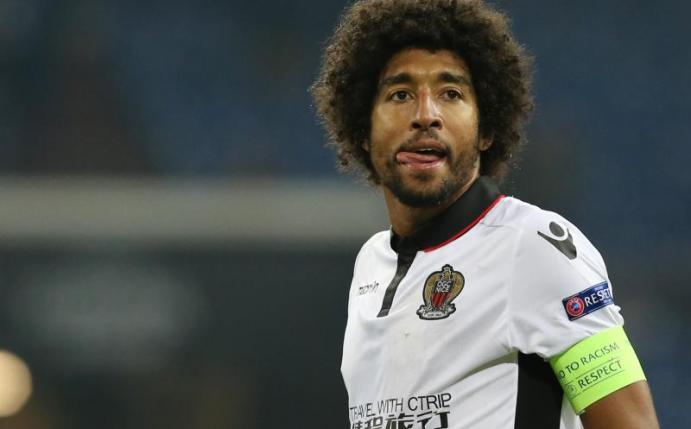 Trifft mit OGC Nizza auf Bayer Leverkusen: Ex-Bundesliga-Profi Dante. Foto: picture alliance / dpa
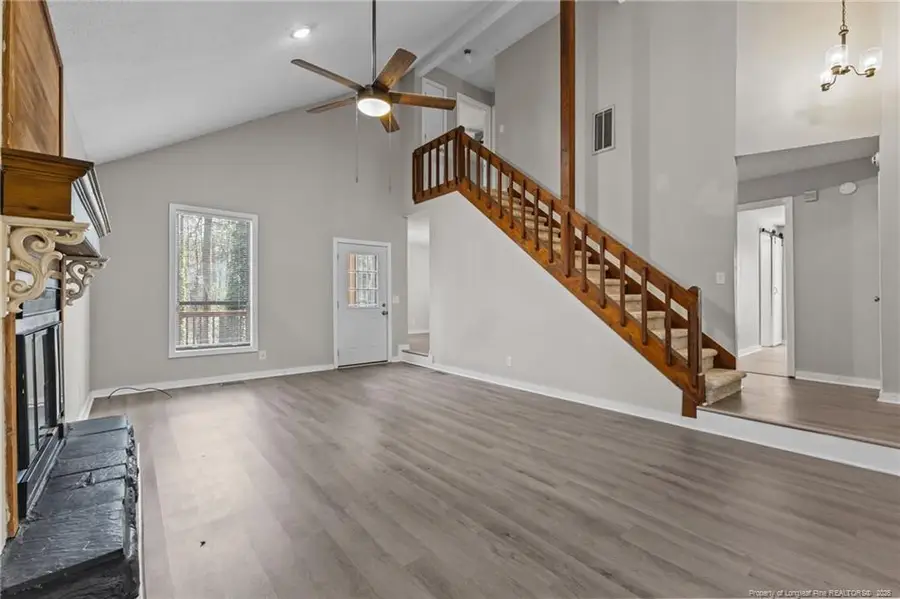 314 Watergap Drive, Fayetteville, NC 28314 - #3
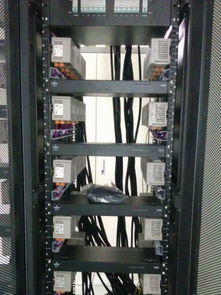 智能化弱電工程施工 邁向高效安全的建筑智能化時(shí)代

.....

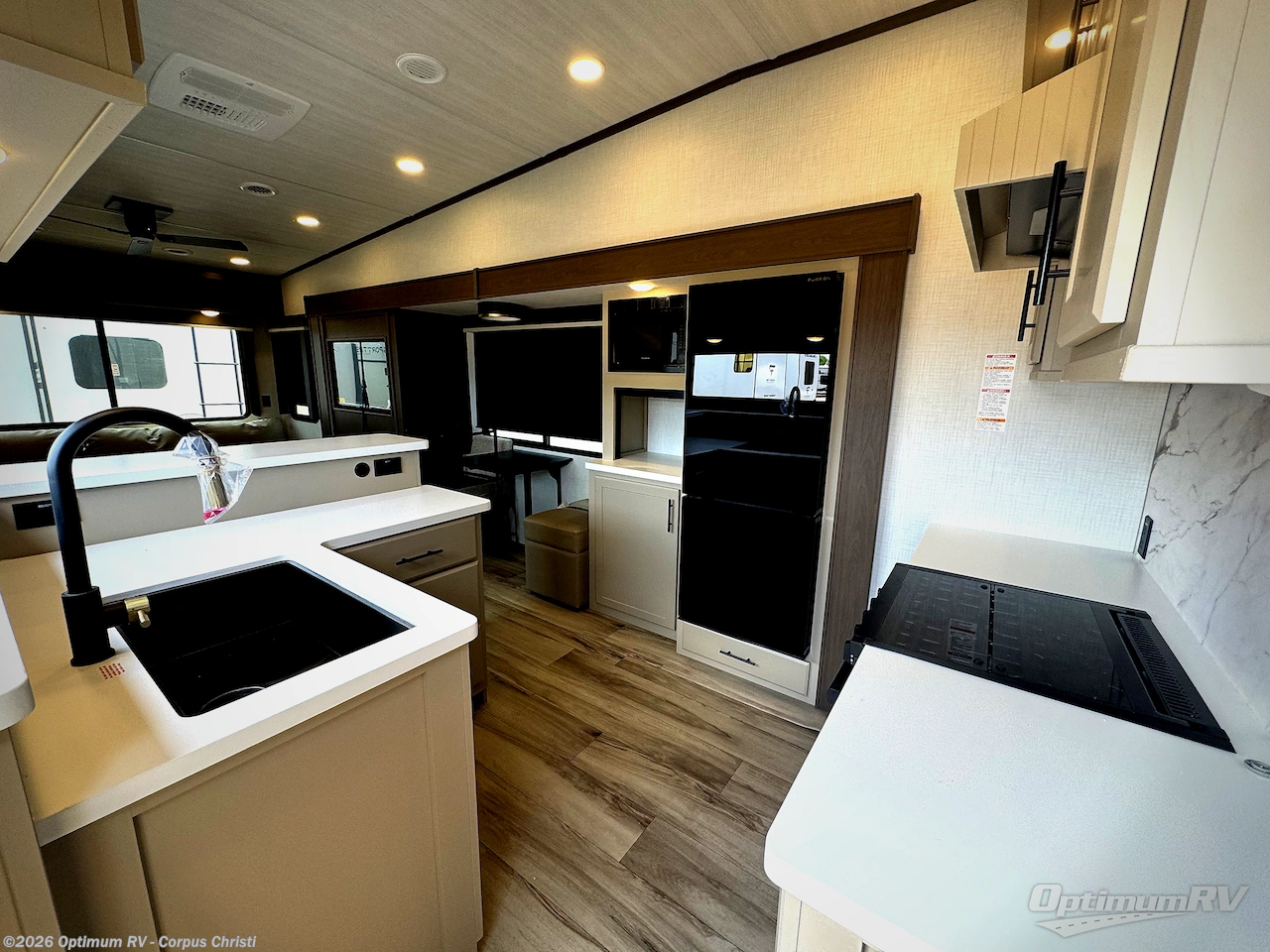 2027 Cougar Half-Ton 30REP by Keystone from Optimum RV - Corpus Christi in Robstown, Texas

.....

In the records above, everything from the line with "314 Watergap Drive, Fayetteville, NC" down to the line with "智能化弱電工程施工 邁向高效安全的建筑智能化時(shí)代" must be duplicated exactly, both lines kept. Leave no pictures in.

Output for this task:
 314 Watergap Drive, Fayetteville, NC 28314 - #3
 智能化弱電工程施工 邁向高效安全的建筑智能化時(shí)代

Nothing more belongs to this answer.